Les hôpitaux, eux, ont reçu un « soutien financier » et non des primes. En avril et en mai, 475 millions d’euros ont ainsi été versés aux établissements de l’ensemble des régions pour « faire face aux surcoûts qu’ils ont supportés », et 10 millions d’euros ont été apportés aux « projets de recherche labellisés », ajoute le ministère de la santé.
Pour déterminer la mort d’une personne, il existe un processus légal très encadré en France. Ce sont des médecins qui « constatent et déclarent un décès sur le certificat de décès », détaille Santé publique France. Ce document est divisé en deux parties : une administrative et une médicale. C’est dans la partie médicale que le médecin inscrit les causes de la mort, qui sont « soumises au secret médical ».
Les causes du décès peuvent ensuite être rédigées en deux parties. La première permet d’indiquer les causes directement responsables du décès. La seconde est réservée aux causes associées. Elle peut être utilisée pour signaler des comorbidités ou des antécédents médicaux, si la personne avait du diabète ou de l’hypertension par exemple, sans que ces facteurs soient directement responsables du décès.
Dans ces deux parties, le médecin peut inscrire une suspicion de Covid ou bien donner une confirmation biologique (généralement si le patient avait eu un test positif par RT-PCR avant sa mort). Ce certificat de décès peut être électronique ou rédigé sur papier.
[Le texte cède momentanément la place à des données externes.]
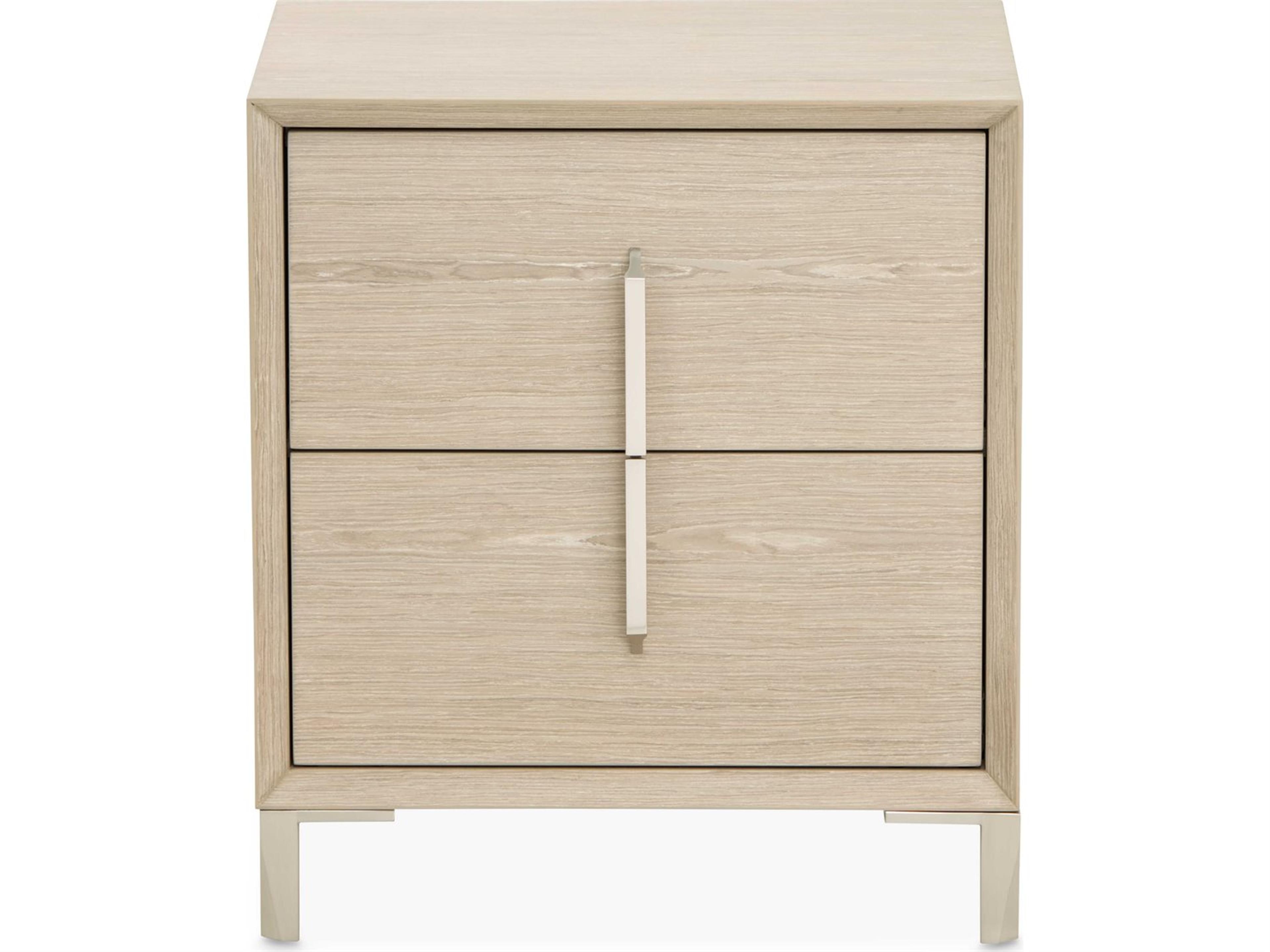 Luxecor Gilded 2-Drawers Beige Rubberwood Nightstand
« Méthodologie recommandée par l’OMS »
Pour communiquer chaque jour le nombre de morts dus au Covid-19 en France, les pouvoirs publics s’appuient sur l’outil Si-Vic, système d’information pour le suivi des victimes, mis en place après les attentats de 2015, et sur les remontées des établissements médico-sociaux, principalement les Ehpad.
L’outil Si-Vic travaille selon « une méthodologie recommandée par l’OMS », explique le ministère de la santé. Dans un document publié le 20 avril, l’organisation précise qu’un décès est considéré comme dû au Covid s’il résulte « d’une maladie cliniquement compatible, chez un cas probable ou confirmé de la COVID-19, en l’absence de toute autre cause évidente de décès sans lien avec la maladie à coronavirus (par exemple, un traumatisme) ».
Concrètement, si un malade en très bonne santé meurt subitement avec des symptômes correspondant à ceux du Covid-19 ou s’il s’est révélé positif par test RT-PCR, son décès sera comptabilisé sur la plate-forme. L’OMS précise qu’aucune « période de rémission complète » du Covid-19 ne doit avoir eu lieu entre la maladie et le décès.
Pour les patients décédés qui souffraient d’autres pathologies, c’est plus délicat. L’OMS indique qu’« un décès dû [au] Covid-19 ne peut pas être imputé à une autre maladie (par exemple, à un cancer) et doit être comptabilisé indépendamment des affections préexistantes qui sont soupçonnées d’avoir déclenché une évolution grave [du] Covid-19 ».
En résumé, aucune prime n’est versée aux hôpitaux en fonction du nombre de morts du Covid-19 qu’ils déclarent. Mais en raison d’un surcroît d’activité majeur, en particulier au printemps, les hôpitaux ont reçu des dotations pour y faire face et les personnels ont reçu des primes exceptionnelles.